NASSAU, BAHAMAS – Bank of The Bahamas (BOB) continues to report positive growth, with its half year profits just over $2 million.
The troubled BISX-listed bank began to return to profitability in its fiscal year 2018 after suffering five years of consecutive net losses.
During the fiscal year 2020, the Bank recorded a net income of $2.2 million for the six months ended December 31, 2019.
BOB’s managing director Kenrick Brathwaite said: “We remain committed to our expanded Strategic Plan which encompasses the strengthening of our systems, products and overall customer service.

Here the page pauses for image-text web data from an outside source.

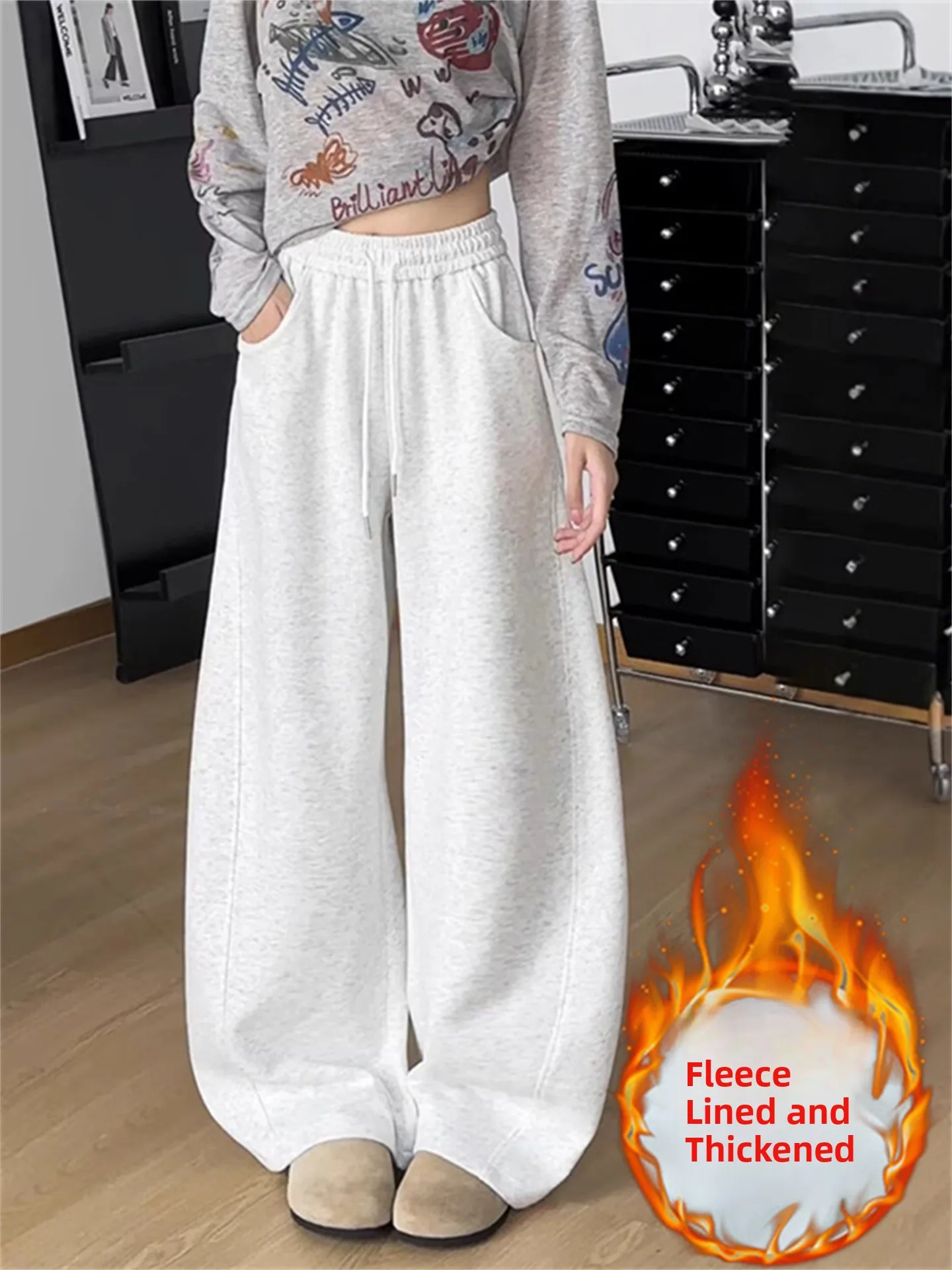 Белые утепленные спортивные брюки свободного кроя для подростков, осенне-зимние, с широкими штанинами, с высокой талией, эластичные
Белые утепленные спортивные брюки свободного кроя для подростков, осенне-зимние, с широкими штанинами, с высокой талией, эластичные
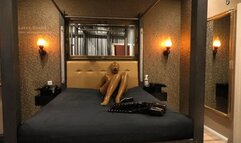 Living rubber doll on a Sybian!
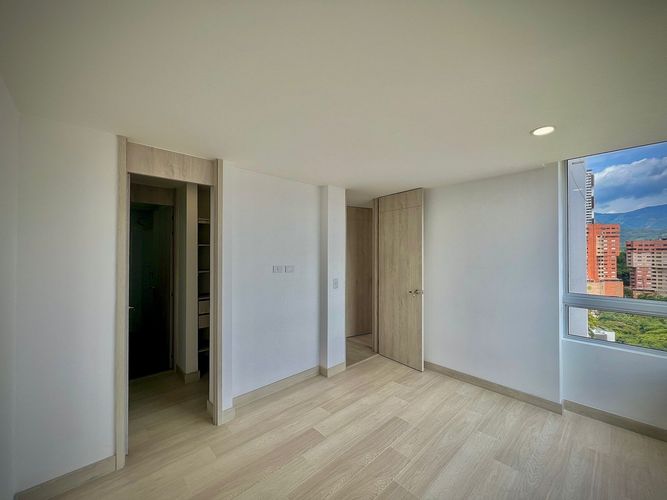 Apartamento de 2 alcobas en venta en La Doctora, Sabaneta, 78 m² · foto 2 de 18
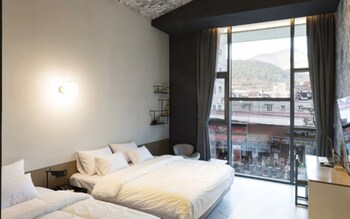 Hound Hotel Changwon - Jinhae Yongwon 3*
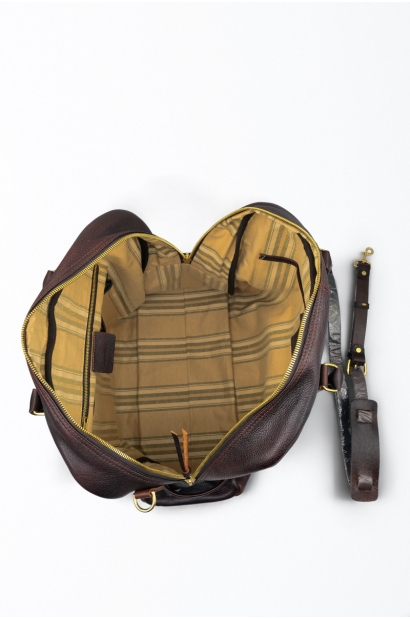 Bolso de viaje de piel marrón estilo weekender Old Rowley - vista interior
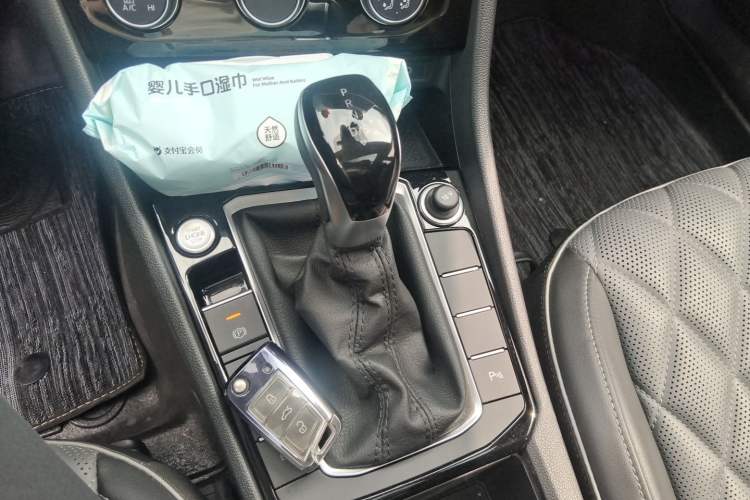Used Volkswagen Sagitar 2023 300TSI DSG Excellence Edition Gear Lever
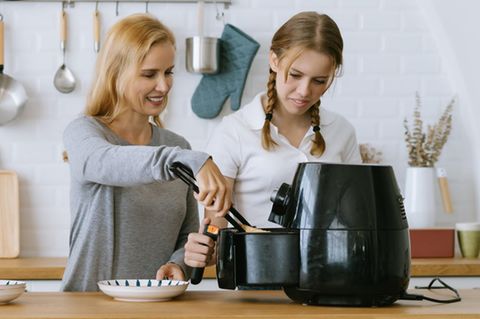 Airfryer von Russel Hobbs für 70 statt 120 Euro: Die Top-Deals am Donnerstag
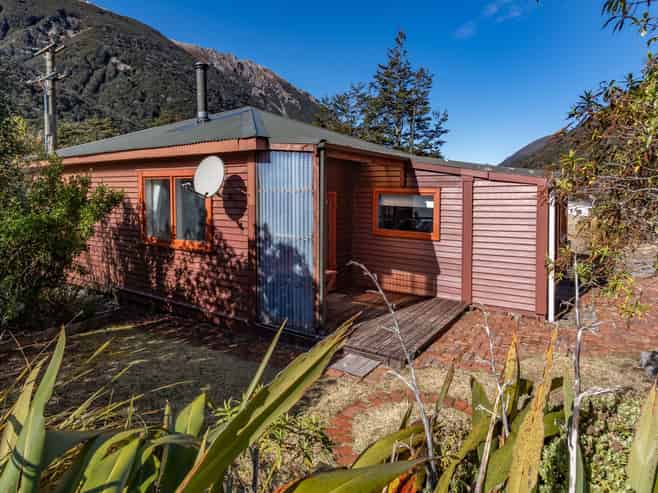 13 Sunshine Terrace, Arthur's Pass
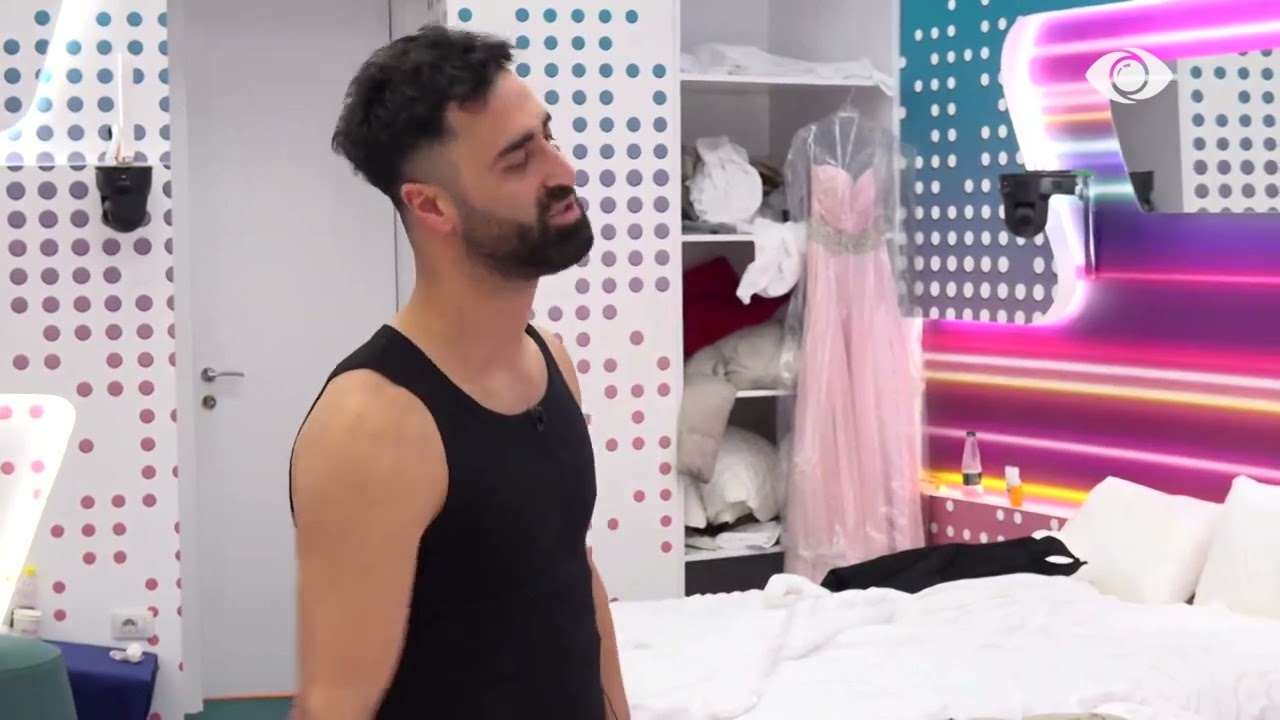 “Ke bërë gabimin më të madh me mua”/ Miri diskuton me Erikun në dhomën e gjumit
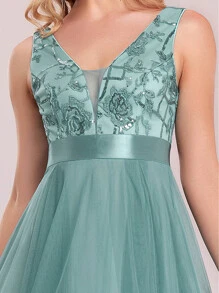 EVERPRETTY Sequin Flower Embroidered High Low Hem Mesh Bridesmaid Dress, Semi Formal Prom Dress, For Birthday, Wedding Guest, Graduation Homecoming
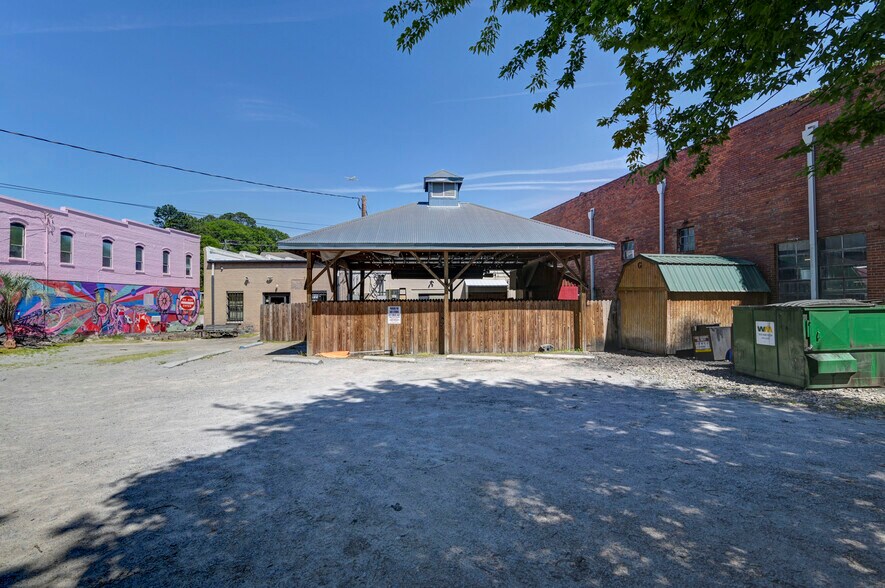 More Photos Of 300 State St, West Columbia Restaurant For Sale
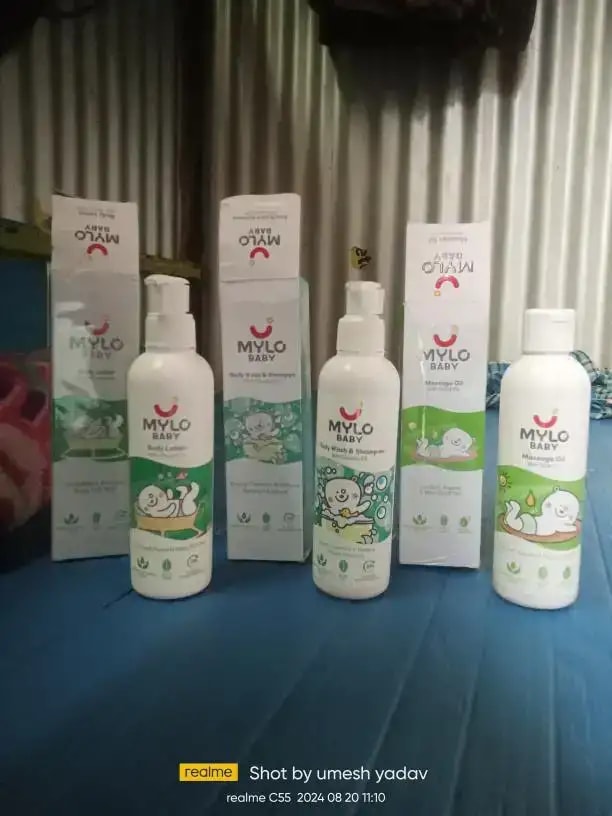 Baby Massage Oil 200ml | Improves Complexion & Skin Tone | Moisturizes & Nourishes Skin | Aids in Sun Protection | Made Safe Certified - Pack of 2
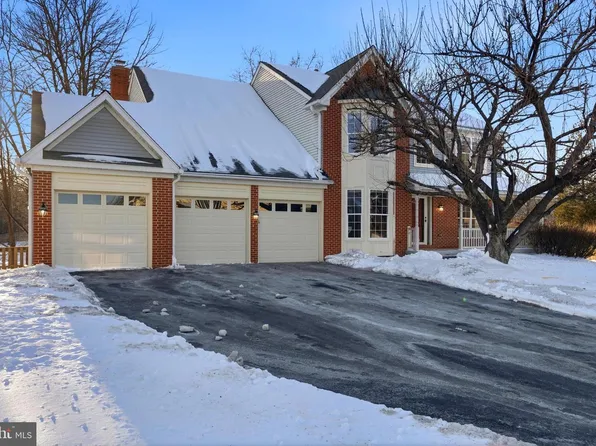 613 Brian Thomas Ct SE, Leesburg, VA 20175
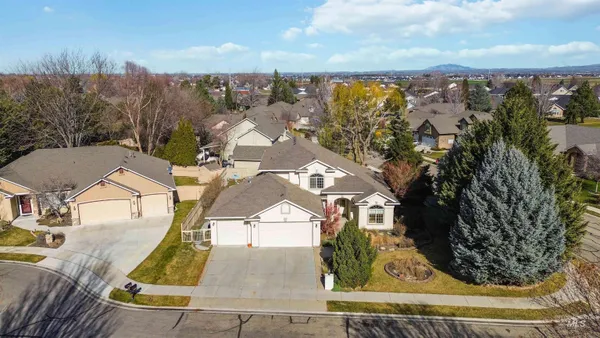 $698,000 | 4550 West Brassie Court, Meridian, ID 83646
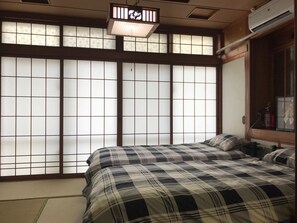 ツインルーム 2階 | セーフティボックス (室内)、WiFi (無料)、ベッドシーツ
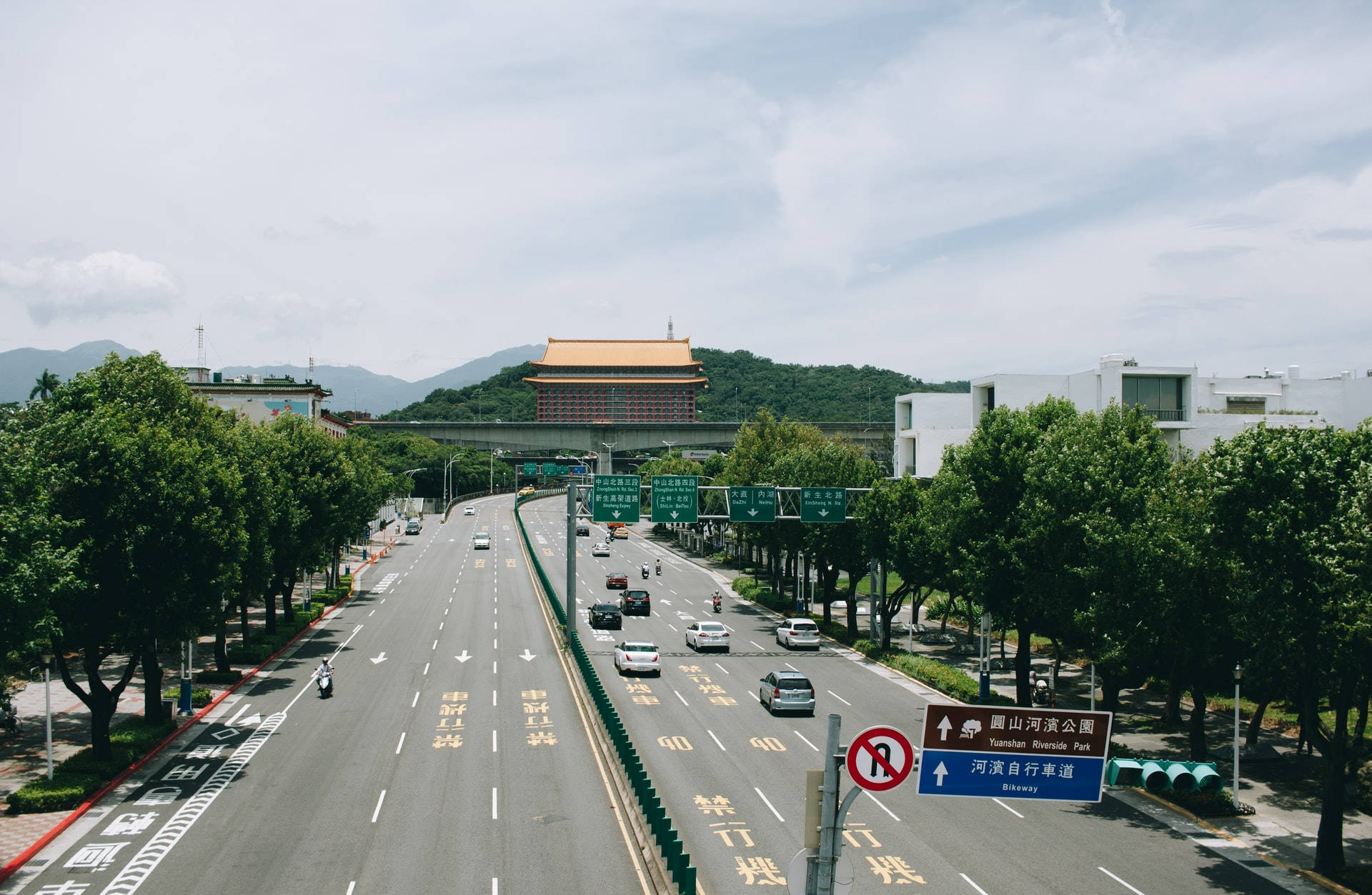 Taipei Highway To Expo Park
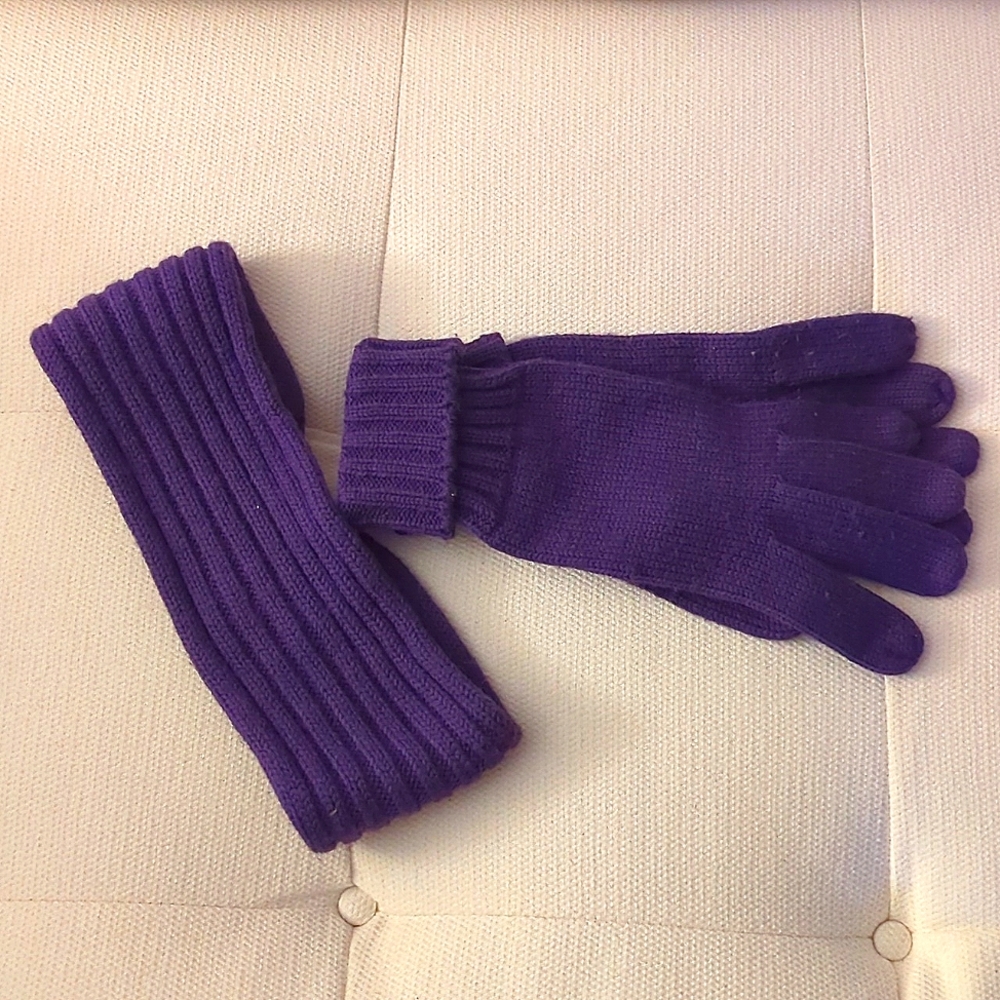 Morgan Taylor headband & mittens set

“Comparing the current period ended December 31, 2019 to the prior period ended December 31, 2018, the Bank’s total operating income increased by $1.9 million or 19.37 percent for the current quarter and $2.7 million or 13.80 percent for the current fiscal year to date, explained largely by the $1.0 million increase in net interest income and $0.9 million increase in net non-interest income for the quarter; and $2.0 million and $0.8 million increases in net interest income and non-interest income year to date, respectively.”
Brathwaite said: “The positive variance in net interest income year to date was due to an increase in interest revenue by $1.3 million primarily from consumer loans interest income as a result of the Bank’s consumer loans campaign; and lower interest expense by $0.7 million due to certain interest rates and deposit base reduction.
“The Bank’s net non-interest income also increased year to date primarily due to the gain on the sale of the Bank’s Trust business and higher fees and commission income,” he continued.
“The Bank’s operating expenses increased by $0.6 million or 8.39 percent for the quarter and $1.3 million or 9.81 percent year to date largely owing to the increase in employee expenses, consistent with the Bank’s initiative to support the planned growth.
“Net credit loss expense for the quarter ended December 31, 2019 increased by $1.5 million or 143.89 per cent compared to the quarter ended December 31, 2018; and $3.0 million or 140.51 per cent increase for the six months period ended December 31, 2019 versus December 31, 2018 due to the provision impact of the last hurricane and the IFRS 9 provision impact related to the overall portfolio growth.”
According to Brathwaite, the bank continues to maintain a strong financial position with total assets of $866 million, with the composite of loans and advances, net of $363.2 million as at December 31, 2019, which showed $47.9 million or 5.85% percent and$19.1 million or 5.54 percent increase, respectively, since June 30, 2019.”
He said: “The Bank’s liquidity position also remained strong as its cash and cash equivalents stood at $212.5 million, which showed a $55.0 million or 34.93 percent increase since June 30, 2019.
“The Bank’s key capital ratios continued to be in compliance with regulatory requirements, with CET1 Ratio of 40 percent, well above the Central Bank’s minimum requirement of 9.6 percent. The Bank’s total equity closed at $163.5 million, higher than the June 30, 2019 balance of $161.5 million, as net income of $2.2 million is reported for the period.”